Too often, we overlook the importance of working out a plan of communication with our spouse, business partner, or buddy, prior to being involved in a deadly situation. In the heat of the moment, as we try to communicate our response, or coordinate the defense, we can often be misunderstood.
Some years ago, a training officer and his rookie were on their way to the jail with a mouthy drunk. Now, this was in the days before squad cars had cages, so the drunk was cuffed behind his back and sitting in the back seat of the patrol car. Getting fed up with the drunk’s jabbering, the training officer said, “If you don’t shut up, my partner here is going to smack you.”
Well, the drunk paused for a little bit, but then, as drunks will do, he started in mouthing again. Whereupon, the rookie reached over the back seat and hit him right in the mouth.
After the drunk was placed in a cell, the training officer asked the rookie why he had hit a handcuffed prisoner. “Well, you told him I was going to do it and I wasn’t about to make you out a liar.”
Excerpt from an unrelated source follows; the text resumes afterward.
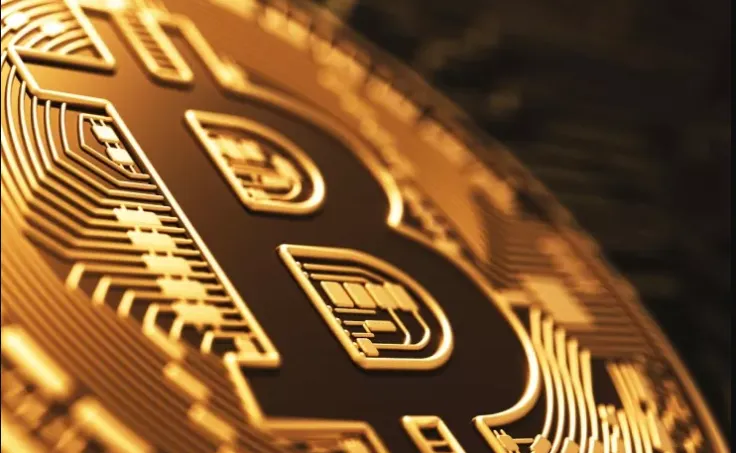 These Are Main Reasons Why Bitcoin Just Hit $11,000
Most of my time as an officer I worked by myself. However, when I did have a partner riding with me I told him that I had no intention of giving up my gun for any reason. I told him that when he heard me agreeing with the suspect and saying that I would drop my gun, that was the clue to my partner that I was about to draw and start shooting.
The point is to develop a system of words, and even sign language, that lets your partner know what you are about to do. And this needs to be worked out before you are faced with a deadly situation. You work the system out between you, develop it, and even practice it, so that both of you have a clear understanding of what is actually being said or signaled.
Some years ago, in Phoenix, a couple ran a business. The wife generally waited on customers and the husband spent most of his time in the office with paperwork. When the woman was confronted by an armed robber, she told him that her husband had all the money in the office. As they neared the door of the office, she said, “Cowboy, there is a man here to see you.” When the armed robber stepped into the office, the husband shot him dead. Calling her husband “cowboy” was the signal that she was being held at gunpoint.
Don’t wait until you are looking down a gun muzzle to expect words and signals to be an effective part of your defense plan. When the plan is made ahead of time, it can be an effective part of your personal defense. It can mean the difference between life and death.